UCSF, UC Berkeley Join Forces to Advance Frontier of Brain Repair
The implantable devices being developed by the UCSF and UCB researchers are made up of an array of electrodes and circuitry designed to translate a person's thoughts and intentions into movements carried out by neural prostheses.
Neuroscientists and engineers at UCSF and UC Berkeley have joined forces to help pioneer a new frontier of brain repair – the development of devices that would allow patients with such conditions as stroke, spinal cord injury, traumatic brain injury and Lou Gehrig’s disease to control prosthetics through thoughts alone.
Under the newly launched Center for Neural Engineering and Prostheses (CNEP), the investigators are working to develop neural prostheses that transmit communication signals from the brain directly to robotic arms, legs, and computer cursors, circumventing damaged or missing neural circuits in people suffering from disabling conditions.
The devices being developed at CNEP, based at both UC campuses, are made up of an array of electrodes and circuitry designed to encode a person’s thoughts and intentions for movement.
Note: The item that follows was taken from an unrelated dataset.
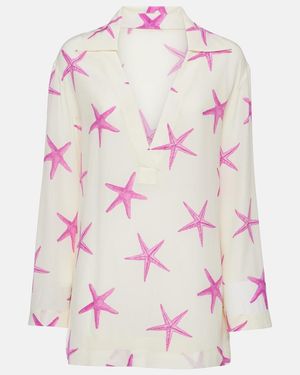 Valentino Printed Silk Shirt - Pink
The electrodes are implanted in the healthy neural circuits in areas above the spinal cord or brain. They pick up the brain’s signals, decode them in real time and transmit them to the neural prostheses.
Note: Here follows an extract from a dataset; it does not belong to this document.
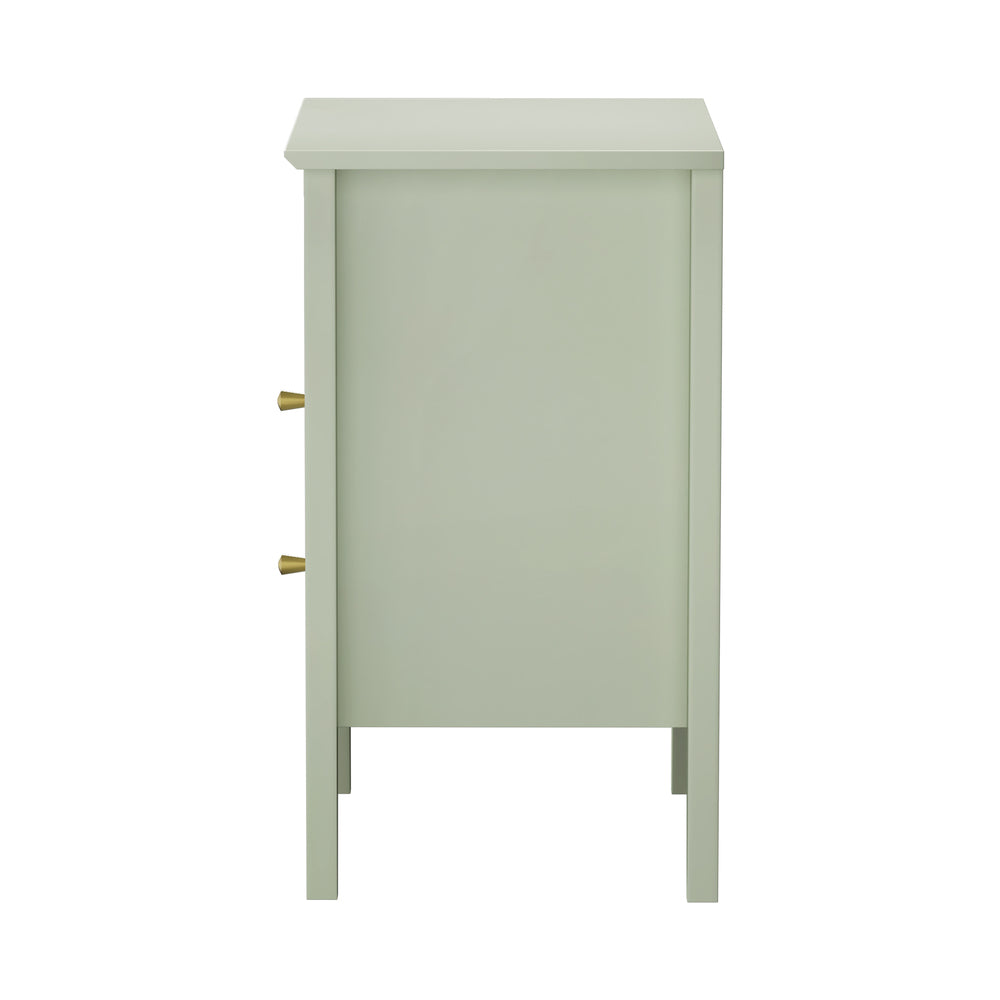 Green Bedside Table Nightstand with 2 Drawers and Storage Cabinet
“Very few medical options exist to restore function after catastrophic neurologic injury,” said CNEP co-director Edward Chang, MD, UCSF assistant professor of neurological surgery, physiology, and a member of the Keck Center for Integrative Neuroscience. “We want to leverage new engineering advances and collaborations to actually rehabilitate lost sensory, motor and cognitive function.”
“Our approach exploits the power of cortical plasticity and biofeedback, combined with smart machine learning algorithms, to let the brain learn to control the machine,” said CNEP co-director Jose Carmena, PhD, UC Berkeley assistant professor of electrical engineering and computer sciences, and a member of the Program in Cognitive Science, and the Helen Wills Neuroscience Institute.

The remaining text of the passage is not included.